Before algorithms curated our taste and before reels trained our thumbs to scroll endlessly, there was MTV — the millennial gateway to coolness. For many of us who grew up in late-90s and early-2000s India, MTV wasn’t just a music channel. It was a handshake with adolescence, a cultural rite of passage that shaped the way we dressed, spoke, joked and listened.
It was not the charming Surabhi or the vintage Chitrahaar, the Doordarshan shows we would watch if allowed with family but a wholly different breed of irreverent content.
Looking back now, I appreciate it more for the gem it was. Content, songs, musicians... After a few years, there was Channel [V] too to choose from and it did give us Viva, the all-girl pop band. To this day, I hum the songs and remember the whole journey the girls went on, and we fans with them.
But I am digressing. This is about MTV, and brought on by reports about the closure of five MTV music channels in the UK by end-December, which in turn triggered a flurry of conjecture about the fate of MTV India.
MTV India was the first time we heard the word VJ and we saw them on telly — a completely different style of “presenters”. There was the cool dude Nikhil Chinapa, the bubbly girl-next-door Shenaz Treasurywala, the chief prankster Cyrus Broacha. There was Malaika Arora, every boy’s crush and every girl’s fashion inspiration. They burst onto the scene, and once I got home from school, MTV opened another door to education — one that did not match the parents’ or even older siblings’ style of viewing.
It was hipster, before anyone knew what that was; it was young, it was cool.
MTV Select, Most Wanted, Bakra... you name it, I watched it.
The format spoke; it was spontaneous and conversational, almost as if dadas and didis were chatting and showing you the world. But what has stayed most with me, and my closest friends, is the music they helped reach a wider audience. Especially IndiPop.
To today’s teens and YAs as they are called, it might seem like the Stone Age or something — no Spotify, no YouTube and obviously, no Internet. Did we miss out? Absolutely not. We knew everything there was to know about the lyrics; the models who featured in the music videos. To this day, it was such a novelty to see, identify and recall models and celebrities in a music video. And then, of course, there were the artistes behind the creations.
There was Palash Sen and his Euphoria crew, there was Colonial Cousins, the jugalbandi of Hariharan and Leslee Lewis, there were the Bombay Vikings and Silk Route, and individual artistes like Shubha Mudgal, Falguni Pathak and so many more.

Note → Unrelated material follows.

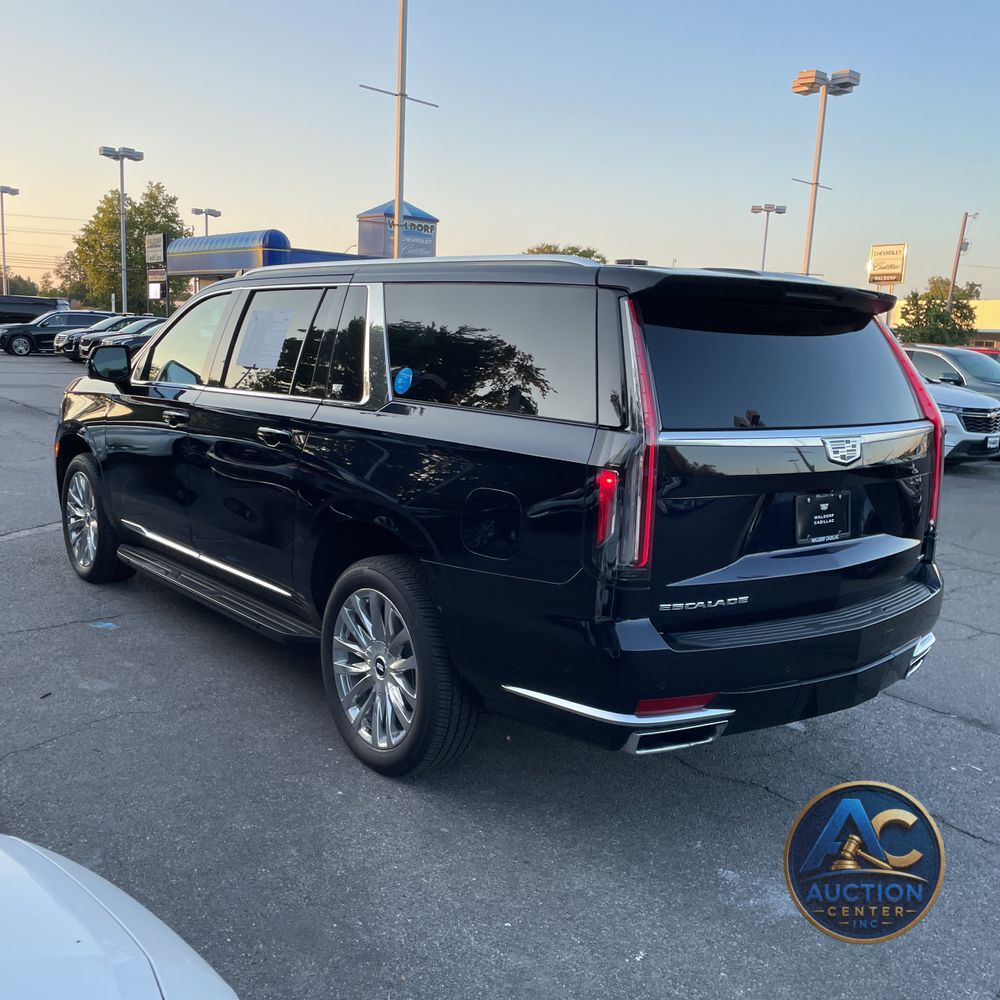 2024 Cadillac Escalade ESV Premium Luxury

I still listen to the songs — at house parties, while cleaning up clutter in the room, on the way to work. That is the power MTV had; it shaped the taste of a generation so much so that even decades later, these musicians pull us back into our teenage selves. To a time that was simple, unencumbered by the daily rise and fall of duties and emotions.
Pop culture is a catchword these days, and MTV is part of pop culture, our pop culture. There are now Instagram and Facebook reels of the music videos we would watch on TV. Engage with one and you know it will be a steady stream, pun intended, of nostalgia wrapped in an invisible music cassette. Allowed an inch of throwback, we take a mile of happiness.
So much so, when Euphoria came to Calcutta a few years ago, I made sure I had a ticket to the show. Well past the appointed hour when the Palash Sen-led group came on stage, in their now-ubiquitous bandbaaja get-up, everyone in the restobar sang along to each and every song, and reminisced about the time we heard them first.
Around the time I passed school, MTV morphed into more of a reality show channel. I followed the first season of Roadies, discovered Rannvijay Singha for life. But soon the charm wore off. Or I grew up.
But early MTV was something else. At the risk of sounding like a parrot, we enjoyed curated music at designated times of the day against the infinite scroll through today’s algorithmic feeds; the much-loved VJs are to this day cultural icons with whom we shared pop moments and not the dime-a-dozen content creators on every social media platform competing for increasingly fragmented attention spans of today... And I could go on and on.
So long, MTV! You did not just show us music, you showed us who we were going to become.